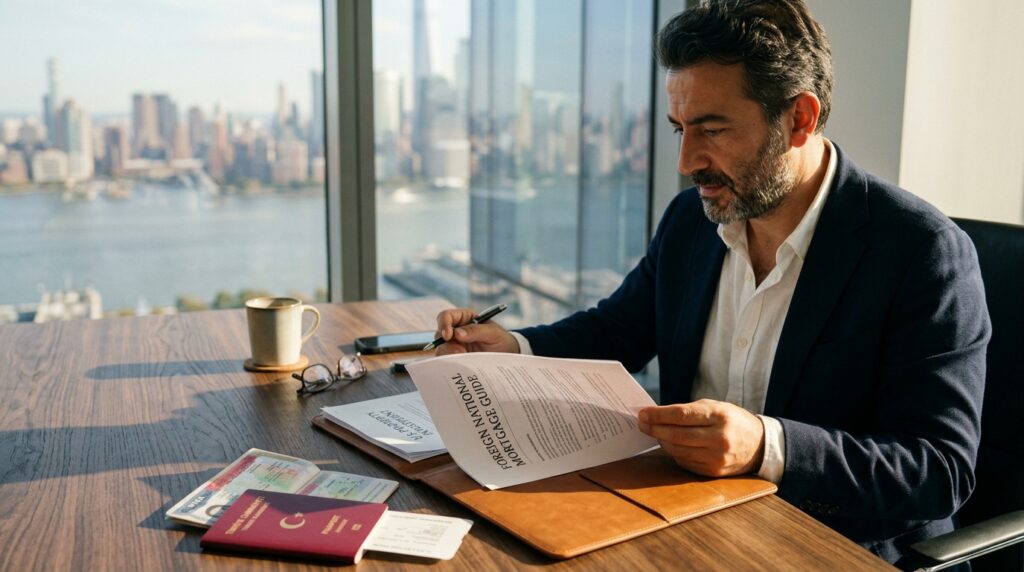 Turkish buyer reviewing Foreign National mortgage documents for a U.S. home purchase
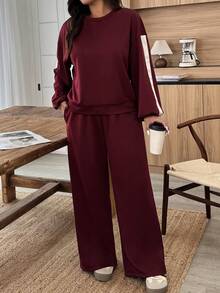 SHEIN LUNE Plus Size Women's Autumn/Winter Woven Tape Patchwork Drop Shoulder Colorblock Sweatshirt & Sweatpants Casual Commute Set - Burgundy - View 3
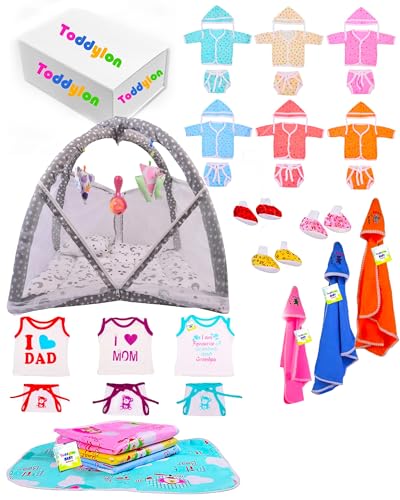 Image of Toddylon All in One Daily Essential in One Pack 36 in 1 New Born Baby Products Gift Packs | Hospital Kit Combo | Infants Boys Girls | Perfect for Newborns | Ideal for 0-6 Months (Purple)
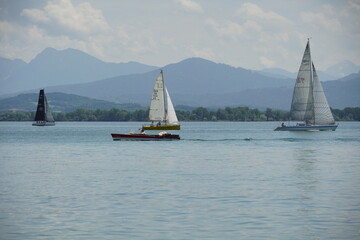 Fototapeta premium Prächtige Boote auf dem Chiemsee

__EXERCISE DIRECTIONS__. Retype all of the material above exactly; the pictures stay out.

__ANSWER__.
 Turkish buyer reviewing Foreign National mortgage documents for a U.S. home purchase
 SHEIN LUNE Plus Size Women's Autumn/Winter Woven Tape Patchwork Drop Shoulder Colorblock Sweatshirt & Sweatpants Casual Commute Set - Burgundy - View 3
 Image of Toddylon All in One Daily Essential in One Pack 36 in 1 New Born Baby Products Gift Packs | Hospital Kit Combo | Infants Boys Girls | Perfect for Newborns | Ideal for 0-6 Months (Purple)
 Fototapeta premium Prächtige Boote auf dem Chiemsee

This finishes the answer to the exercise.